And neither does PLP. To quote the OpenZFS page I linked above (emphasis mine):
SSD manufacturers now claim that firmware power loss protection is robust enough to provide equivalent protection to hardware power loss protection. Kingston is one example. Firmware power loss protection is used to guarantee the protection of flushed data and the drives’ own metadata, which is all that filesystems such as ZFS need.
...[PLP protects] unflushed data in addition to drive metadata and flushed data. This additional protection beyond protecting flushed data and the drive metadata provides no additional benefit to ZFS, but it does not hurt it.

PLP is so that in case of a system halt, the drive can safely flush data in-flight...
Please re-read the OpenZFS page I linked (and the Kingston further details if interested.
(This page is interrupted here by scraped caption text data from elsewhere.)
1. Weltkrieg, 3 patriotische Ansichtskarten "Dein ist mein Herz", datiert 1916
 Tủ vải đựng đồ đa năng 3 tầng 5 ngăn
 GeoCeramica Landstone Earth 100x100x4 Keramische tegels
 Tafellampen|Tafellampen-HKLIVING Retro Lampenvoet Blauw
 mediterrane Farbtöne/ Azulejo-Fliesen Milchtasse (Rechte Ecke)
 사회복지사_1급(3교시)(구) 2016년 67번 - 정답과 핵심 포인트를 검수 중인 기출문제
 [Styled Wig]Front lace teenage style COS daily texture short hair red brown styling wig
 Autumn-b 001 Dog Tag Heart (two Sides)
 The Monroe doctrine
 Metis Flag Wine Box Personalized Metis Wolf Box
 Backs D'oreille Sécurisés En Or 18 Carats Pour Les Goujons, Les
Not all vendors are that forthcoming with their methods!) Your explanation dates to much older hardware. For almost a decade, firmware and hardware power protection have been equivalent, for quality drives***. Of course on-board RAM cache helps speed things along, but that's actually a separate topic.

UPS only protects you from a power loss, but there are many other reasons why your system could halt.
Of course :)
We had a huge discussion in TrueNAS community about why TrueNAS recommends a UPS, when there is no actual technical reason for this.
Interesting. I guess TrueNAS community considers loss of unwritten async data inconsquential. To each their own. :)

*** Of course ANY drive with any technology can have firmware bugs, HW failure etc. Thus, even though all drives supposedly are "safe" today, various testers have discovered that's not always true. Buyer Beware is always good advice. :)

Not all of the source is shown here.